Il regolamento e la squalifica
A norma di regolamento, un atleta che ha fattivamente collaborato a perseguire atleti colpevoli di doping ha diritto a una riduzione della squalifica fino al 75% della sua durata. Alex ha già scontato 6 anni, come se la sentenza del Tribunale di Bolzano (18 febbraio 2021) non valesse a nulla agli occhi di World Athletics e Wada. Come se, parole messe nere su bianco dal giudice Pelino, "la realtà di questo processo è che la catena di custodia dei reperti in perizia è di fatto del tutto evanescente. Wada e Iaaf hanno operato in maniera totalmente autoreferenziale non tollerando controlli dall’esterno fino al punto di produrre dichiarazioni false. E’ quindi provato che la manipolazione delle provette che lo scrivente ritiene provata con altro grado di probabilità razionale, avrebbe potuto avvenire in qualsiasi momento a Stoccarda come a Colonia (nei locali degli uffici dell’agenzia incaricata del prelievo del campione o nel laboratorio di controllo), ove si è dimostrato esservi provette non sigillate dunque agevolmente utilizzabili alla bisogna”. La squalifica di Schwazer sarebbe dovuta essere ridotta da molto tempo, ma qui comincia il gioco delle tre carte.

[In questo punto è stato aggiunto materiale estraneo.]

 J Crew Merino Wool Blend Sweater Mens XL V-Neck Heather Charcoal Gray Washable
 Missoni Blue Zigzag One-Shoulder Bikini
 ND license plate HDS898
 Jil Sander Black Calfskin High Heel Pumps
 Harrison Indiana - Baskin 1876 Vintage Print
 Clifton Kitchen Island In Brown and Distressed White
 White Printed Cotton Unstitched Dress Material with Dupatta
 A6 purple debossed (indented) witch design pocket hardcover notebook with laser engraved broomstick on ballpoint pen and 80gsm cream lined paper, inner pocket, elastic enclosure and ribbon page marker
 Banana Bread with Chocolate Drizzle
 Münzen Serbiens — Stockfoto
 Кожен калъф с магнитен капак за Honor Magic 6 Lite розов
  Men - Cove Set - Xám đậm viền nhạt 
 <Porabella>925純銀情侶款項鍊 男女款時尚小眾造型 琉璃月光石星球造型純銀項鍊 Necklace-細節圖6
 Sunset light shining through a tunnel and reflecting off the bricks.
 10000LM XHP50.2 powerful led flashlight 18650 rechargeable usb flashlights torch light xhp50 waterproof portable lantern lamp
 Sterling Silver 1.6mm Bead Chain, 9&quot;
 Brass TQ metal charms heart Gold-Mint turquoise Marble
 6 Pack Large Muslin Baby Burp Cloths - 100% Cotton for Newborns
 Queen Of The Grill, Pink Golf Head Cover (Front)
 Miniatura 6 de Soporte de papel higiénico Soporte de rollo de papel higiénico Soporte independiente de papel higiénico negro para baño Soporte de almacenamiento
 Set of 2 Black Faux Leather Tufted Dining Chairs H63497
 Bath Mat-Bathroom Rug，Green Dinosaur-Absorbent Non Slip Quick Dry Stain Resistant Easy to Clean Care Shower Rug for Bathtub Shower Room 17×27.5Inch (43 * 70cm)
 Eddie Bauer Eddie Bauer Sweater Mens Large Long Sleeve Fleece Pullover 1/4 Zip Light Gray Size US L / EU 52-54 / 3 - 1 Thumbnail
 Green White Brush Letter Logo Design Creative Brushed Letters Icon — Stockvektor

Il precedente a favore di Schwazer
Per procedere, l'Aiu deve chiedere il nullaosta alla Wada che continua a perdere tempo e, addirittura, facendo lo gnorri, ha avuto la faccia tosta di chiedere all'olimpionico di ammettere che l'urina prelevata a Capodanno 2016 contenesse una sostanza dopante. Come come? Una sentenza di un Tribunale della Repubblica italiana stabilisce che Schwazer sia stato vittima di una manipolazione e l'agenzia mondiale antidoping se ne frega? Ancora. C'è un precedente a favore di Alex, bellamente ignorato dalla Wada: riguarda la mezzofondista turca Asli Cakir Alptekin, al centro di una vicenda simile a quella dell'altoatesino, che per ottenere la riduzione della squalifica a suo tempo non ebbe bisogno di confessare alcunché, ottenendo il 50% di sconto della sanzione. Mentre il tempo passa, risulta che in favore di Schwazer, a Roma e a Losannasi stiano battendo soltanto Giovanni Malagò e Carlo Mornati, rispettivamente presidente del Coni nonché membro del Cio; segretario generale del Coni. Sempre più assordante, invece, è il silenzio degli ignavi dell'atletica italiana. Sino a quando?